States that have rejected medical-marijuana legislation consistently rank near the bottom in every measure of public health, including life expectancy. The states with the highest life expectancies—Hawaii, California and Florida—just happen to be the states with the most expansive medical-marijuana programs.
Opponents of medical marijuana signal the false alarm that Initiative 65 would mean a wild west marijuana marketplace, but the numbers simply don’t bear out that level of fear mongering. With restrictions on the conditions that qualify for treatment, the total number of patients in states with medical marijuana laws hovers between 1 and 3 percent of the population. Among the 22 million people in rapidly growing Florida are a grand total of just 306,000 medical-marijuana patients, representing just 1.4 percent of the population.
It seems strange to hear conservative objections to Initiative 65 couched in language that argues against the rights of individuals to make informed choices for their own health. Of course, that’s been part of the GOP playbook for years on myriad other public health-related issues.
Dr. Dobbs’ Anti-Free Market Language Confounding
But what’s equally confounding is the anti-free market language espoused by state health officials, led by State Health Officer Dr. Thomas Dobbs. In a recent television interview, Dr. Dobbs expressed concern about the number and locations of potential medical-marijuana dispensaries. His one-man appeal, apparently for stricter zoning laws, made clear he could not argue against the medical benefits or necessity of cannabis and its derived products.
Conservative-leaning doctors’ groups have been joined by odd coalition partners, including the Mississippi Municipal League, in attempts to block Initiative 65. The Mississippi Association of Realtors joined the fray as well, essentially opining that the marijuana industry, worth an aggregate approaching $10 billion, would be a network of street-level dealers. But on this issue, it’s clear that these groups simply stand in the way of progress.

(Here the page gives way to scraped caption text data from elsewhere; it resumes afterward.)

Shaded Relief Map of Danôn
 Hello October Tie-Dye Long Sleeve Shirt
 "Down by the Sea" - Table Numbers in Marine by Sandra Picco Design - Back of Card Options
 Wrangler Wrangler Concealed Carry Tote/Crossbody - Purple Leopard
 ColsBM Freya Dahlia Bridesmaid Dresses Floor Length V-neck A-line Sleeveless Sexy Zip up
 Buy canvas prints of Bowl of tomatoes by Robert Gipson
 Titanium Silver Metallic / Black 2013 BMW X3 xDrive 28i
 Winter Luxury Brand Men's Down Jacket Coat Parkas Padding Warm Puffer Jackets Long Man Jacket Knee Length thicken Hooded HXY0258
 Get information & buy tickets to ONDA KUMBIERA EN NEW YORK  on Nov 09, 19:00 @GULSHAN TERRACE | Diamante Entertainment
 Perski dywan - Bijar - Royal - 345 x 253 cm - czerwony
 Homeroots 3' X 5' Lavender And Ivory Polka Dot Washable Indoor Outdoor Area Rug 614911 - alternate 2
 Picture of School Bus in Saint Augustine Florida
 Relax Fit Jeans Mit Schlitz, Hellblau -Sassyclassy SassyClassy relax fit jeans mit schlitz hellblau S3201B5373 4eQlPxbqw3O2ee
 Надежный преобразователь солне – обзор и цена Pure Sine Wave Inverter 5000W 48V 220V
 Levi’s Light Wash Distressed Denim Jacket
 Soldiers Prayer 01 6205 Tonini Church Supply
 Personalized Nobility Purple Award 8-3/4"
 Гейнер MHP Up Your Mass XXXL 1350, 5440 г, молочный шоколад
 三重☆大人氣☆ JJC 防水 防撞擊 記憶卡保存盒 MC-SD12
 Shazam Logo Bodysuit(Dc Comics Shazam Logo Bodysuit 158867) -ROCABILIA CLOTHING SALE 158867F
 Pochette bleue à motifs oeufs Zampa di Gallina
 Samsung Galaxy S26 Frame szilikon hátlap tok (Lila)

Passage of this ballot initiative won’t necessarily ease the burden on patients seeking relief through medical marijuana. Ongoing pressure from the Justice Department means that credit-card companies cannot offer services to cannabis dispensaries even in states where medical marijuana is fully legal. Other states take a more subtle approach, enacting bureaucratic roadblocks in the form of doctor licensure, prescription limits, and requiring patients to obtain annual or semi-annual certification of their conditions. Those issues require federal solutions, but those changes too feel inevitable.
Medical Marijuana Is Coming to Mississippi
Equally inevitable is the fact that medical marijuana is coming to Mississippi. The three states (California, Colorado and Washington) that regulate and tax the largest amounts of marijuana sales raised nearly $1 billion in revenue in 2018. Poor states will soon figure a way to add marijuana to the bucket of sin taxes on products like tobacco and alcohol.
The only question is whether the deliberate attempt to muddy the political waters by presenting an alternative initiative will be successful. On Election Day, voters have a chance to move Mississippi demonstrably forward with a vote of yes on Initiative 65.
A former professor at Millsaps College and resident of Fondren, Steve Kistulentz is the author of four books, most recently “Panorama” (Little, Brown & Co.) He is a former political consultant. He now lives in the Tampa area.
This column does not necessarily reflect the views of the JFP.